Jeremy Corbyn and his ‘loony’ allies were social radicals who were the outriders of generational cultural change. Although their views provoked derision in 1980s tabloids, these views gained much greater acceptance in the subsequ
ent period. Support for feminism, gay rights, environmentalism and anti-racism became part of mainstream opinion among young people, even if it still repelled some among the older generation. Corbyn and his allies were in touch with the changing currents of feeling in the wider population. Losers in the culture war of the 1980s, the ‘loony left’ were ultimately the victors.
This overall assessment was a central theme of the first edition, published in 2005. It needs to be updated and revised in the light of subsequent developments, not simply in the success of Corbyn and his allies, but because the social radical tradition of which they are a part made further cultural gains in the period after 2005 (notably in relation to sexuality, gender relations and attitudes towards the environment). But this tradition also lost ground in relation to race, and was confronted by resurgent social conservatism in the 2016 European Union referendum.

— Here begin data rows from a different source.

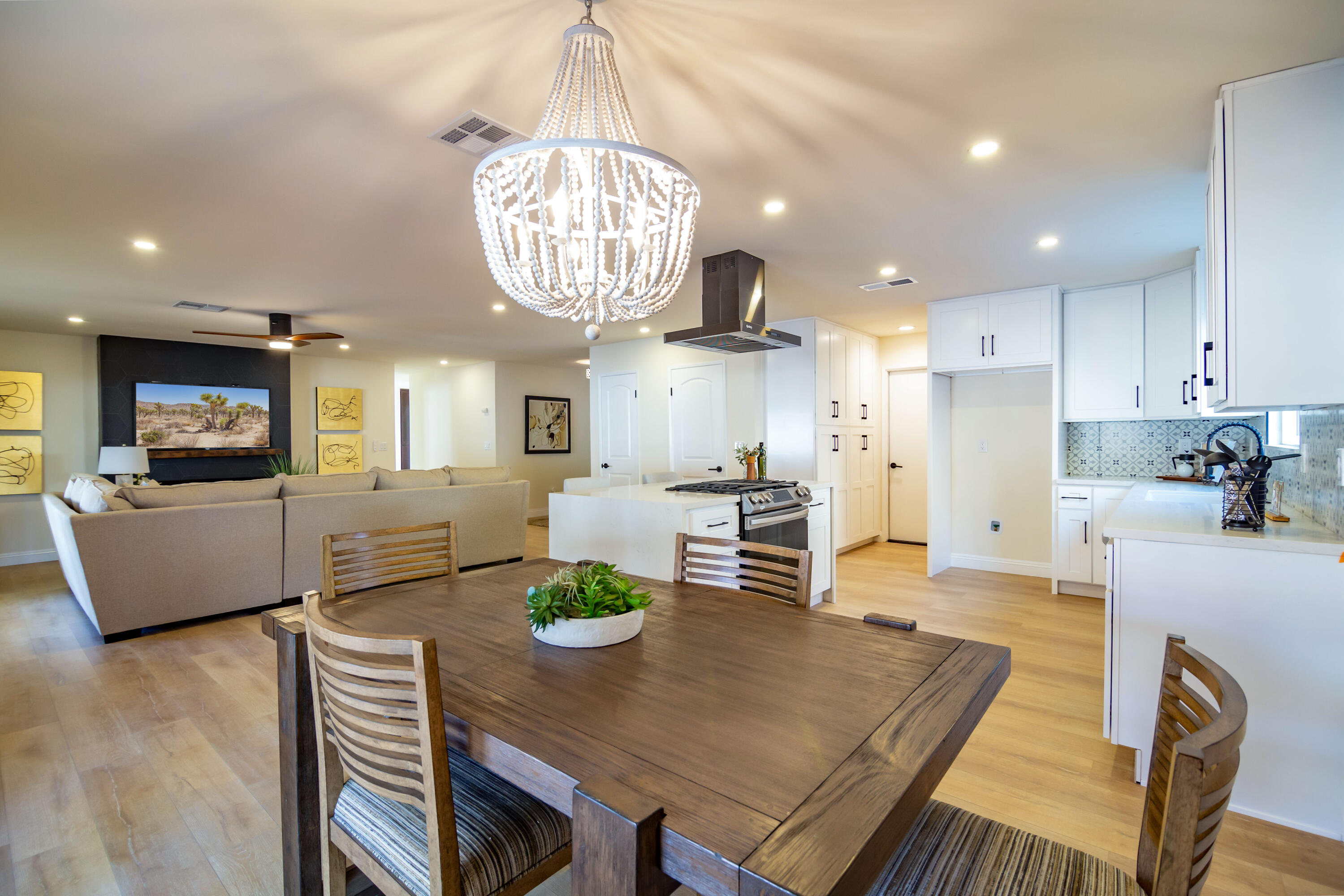 67420 Rango Road Cathedral City, CA 92234 - Photo 17 of 36 a view of a dining room and livingroom with furniture wooden floor a chandelier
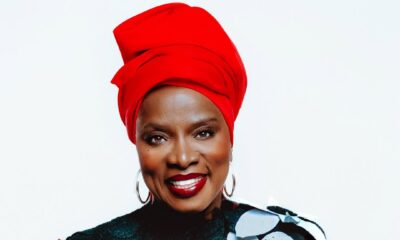 Close-up studio portrait of Angélique Kidjo wearing a red headscarf and a black top with colourful 3D floral appliqués, smiling against a white background for her "Hope!!" album campaign.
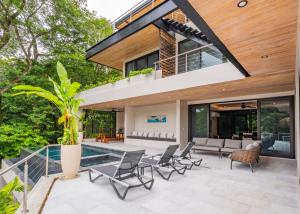 a house with a pool and a patio at NEW Modern 6BR, Pool, Walk 2 Beach, Sleeps 20 in Playa Guiones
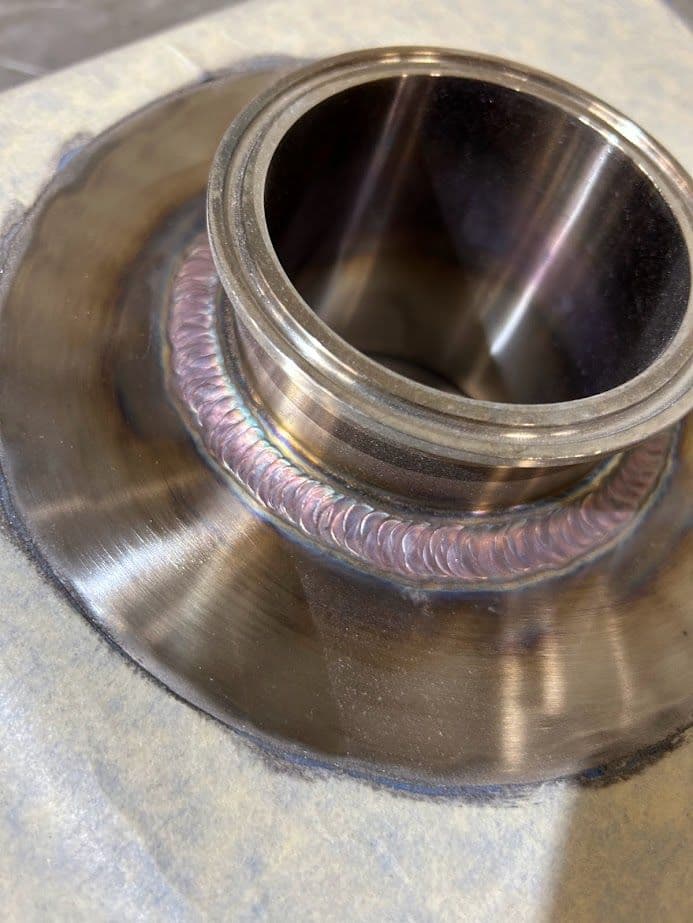 Close-up of a stainless steel pipe fitting with a detailed weld joint.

Battle for the soul of the Labour Party
A sustained press campaign against the ‘loony left’ in the 1980s rendered the Labour left electorally toxic in the country (if not in London). New Labour was constructed as a successful electoral brand in the 1990s based in part on the reassuring claim that it had slayed the dragons of the hard and loony left. A virulent press campaign against the left assisted Labour’s centre-right coalition to consolidate their control over the party, and eventually make a successful electoral pitch to the country.
But the Labour Party is now led by the left, and dire warnings about the left’s un-electability were called into question by Labour’s relative success in the 2017 general election. One element of this change (though how much has changed remains to be seen) is, as already mentioned, both a revolt against the politics of neo-liberalism and a shift towards social liberalism among young people.
Another is a reduction in the power of the press. The ancient bazookas of the tabloid press were trained on Corbyn, McDonnell and Abbot during the 2017 general election campaign, portraying them as ‘APOLOGISTS FOR TERROR’6 and fantasists forever shaking a magic money tree. But this relentless bombardment failed to prevent a Corbyn-led Labour Party from winning 3.5 million more votes (compared with the 2015 general election), and making a major breakthrough among younger people. The role of the press that loomed large in the first edition has diminished in the era of the internet.